Sbobetsportsindo.com – Dean Huijsen, pemain baru Real Madrid yang didatangkan pada bursa transfer musim panas ini, berhasil membuat debut yang luar biasa. Meskipun baru bergabung, ia langsung menarik perhatian berkat penampilannya yang menonjol dan mencatatkan rekor luar biasa dalam laga pertamanya bersama Los Blancos.
Dalam pertandingan pembuka La Liga melawan Osasuna, Huijsen langsung menunjukkan kemampuannya dengan memberikan kontribusi signifikan pada lini pertahanan maupun transisi serangan. Real Madrid tampil dengan intensitas tinggi, terutama dalam permainan tanpa bola, dan Huijsen menjadi sosok kunci di jantung pertahanan.
Meskipun banyak mata yang tertuju pada Franco Mastantuono, debut Huijsen justru menjadi sorotan utama, berkat gaya bermainnya yang langsung sesuai dengan filosofi pelatih Xabi Alonso.
Penampilan Impresif di Debutnya
Real Madrid menampilkan strategi agresif saat melawan Osasuna, dengan pendekatan pressing tinggi dan penguasaan bola yang dominan. Huijsen tampil tenang di barisan belakang, memberikan energi segar bagi tim dan menjadikannya pusat perhatian di Santiago Bernabeu.
Keputusan untuk memanggilnya tampil sebagai starter langsung membuahkan hasil, dan debutnya tidak hanya sekadar performa biasa, melainkan sebuah kejutan besar bagi para suporter.
Rekor Umpan Panjang yang Memukau
Aspek paling mencolok dari penampilan debut Huijsen adalah kemampuannya dalam memberikan umpan panjang yang akurat. Ia mencatatkan lebih dari 15 umpan panjang dengan akurasi mencapai 94%, memecahkan rekor Sergio Ramos pada tahun 2018 yang hanya mencapai 88%.
Dengan statistik ini, Huijsen menjadi bek kedua dalam sejarah Real Madrid yang mampu mencapai angka tersebut, menandakan kualitasnya dalam distribusi bola yang sangat sesuai dengan taktik permainan Real Madrid.
Pentingnya Peran Huijsen dalam Taktik Xabi Alonso
Filosofi permainan Xabi Alonso sangat menekankan pentingnya transisi cepat dan penguasaan bola dalam serangan.
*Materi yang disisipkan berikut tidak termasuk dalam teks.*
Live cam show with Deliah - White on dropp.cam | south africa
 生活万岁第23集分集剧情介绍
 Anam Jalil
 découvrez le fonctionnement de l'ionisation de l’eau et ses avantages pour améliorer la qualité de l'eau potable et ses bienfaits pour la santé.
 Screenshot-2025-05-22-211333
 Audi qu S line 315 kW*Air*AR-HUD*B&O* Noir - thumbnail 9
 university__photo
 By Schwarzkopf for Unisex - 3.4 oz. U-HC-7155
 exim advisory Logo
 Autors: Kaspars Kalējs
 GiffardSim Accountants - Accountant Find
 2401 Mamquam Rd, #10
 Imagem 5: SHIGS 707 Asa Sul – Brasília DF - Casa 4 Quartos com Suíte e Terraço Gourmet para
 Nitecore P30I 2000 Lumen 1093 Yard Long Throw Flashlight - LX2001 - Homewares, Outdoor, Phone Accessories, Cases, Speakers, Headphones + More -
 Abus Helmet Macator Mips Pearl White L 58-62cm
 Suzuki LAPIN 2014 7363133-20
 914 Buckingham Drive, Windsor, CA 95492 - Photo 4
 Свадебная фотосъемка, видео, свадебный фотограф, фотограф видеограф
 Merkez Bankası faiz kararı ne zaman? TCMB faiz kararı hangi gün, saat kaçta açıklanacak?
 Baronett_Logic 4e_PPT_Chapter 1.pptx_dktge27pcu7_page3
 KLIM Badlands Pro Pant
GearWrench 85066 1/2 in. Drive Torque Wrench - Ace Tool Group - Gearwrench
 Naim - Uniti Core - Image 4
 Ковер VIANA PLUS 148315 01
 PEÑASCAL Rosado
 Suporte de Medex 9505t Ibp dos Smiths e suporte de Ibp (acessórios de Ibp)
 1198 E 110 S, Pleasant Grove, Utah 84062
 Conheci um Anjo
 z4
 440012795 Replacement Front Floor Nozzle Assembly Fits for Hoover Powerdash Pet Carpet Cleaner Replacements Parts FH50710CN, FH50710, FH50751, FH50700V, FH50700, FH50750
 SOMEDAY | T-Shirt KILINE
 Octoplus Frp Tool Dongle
Dalam sistem ini, kemampuan Huijsen dalam mengalirkan umpan panjang dengan akurasi tinggi memberikan dampak besar dalam menciptakan ruang bagi penyerang seperti Vinicius Junior dan Kylian Mbappe.
Peran Huijsen sebagai bek dengan kemampuan distribusi bola yang luar biasa memberikan harapan besar bagi masa depan tim, sekaligus membawa nuansa baru yang mirip dengan era keemasan Sergio Ramos di Real Madrid.